Chinese bakery-style cake

This was my first year hosting a holiday and probably the first time in over 10 years that I haven’t had to travel for Thanksgiving. Also, my mom is celebrating a milestone birthday at the end of the month, so I wanted to make something special for her while she was visiting us for Thanksgiving.

I know that she (and my dad) aren’t big fans of American sweets. They claim that our desserts are too sugary for their tastes. They much prefer the more subdued sweets that Chinese bakeries offer. We used to order Chinese bakery cakes all the time when we went to Philadelphia’s Chinatown for a meal. There was always a reason to celebrate some momentous occasion, and therefore, always a reason to eat these cakes.

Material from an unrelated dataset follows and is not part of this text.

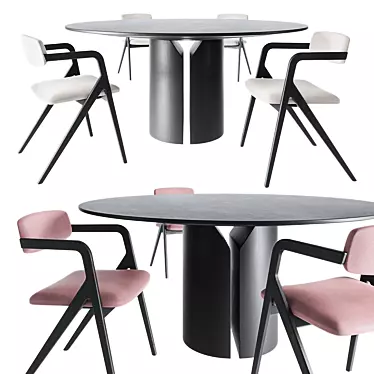 Modern Italian Furniture Set 3D model image 1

The sponge cake layers are light and fluffy and do not taste too sugary. Two cake layers are sandwiched on top of vanilla custard and fresh fruits. The entire cake is covered in a freshly made whipped cream frosting and garnished with additional fresh fruits. I can see why my parents love this cake – it just seems healthier because the cake is lighter than their American counterparts.

I’ve had this cake bookmarked from Christine’s Kitchen Chronicles for a long, long time. And now was the perfect time for me to tackle it. Don’t be overwhelmed with the long list of ingredients and directions. The cake is actually very easy to make, and you’ll be rewarded with a beautiful Chinese style cake at the end.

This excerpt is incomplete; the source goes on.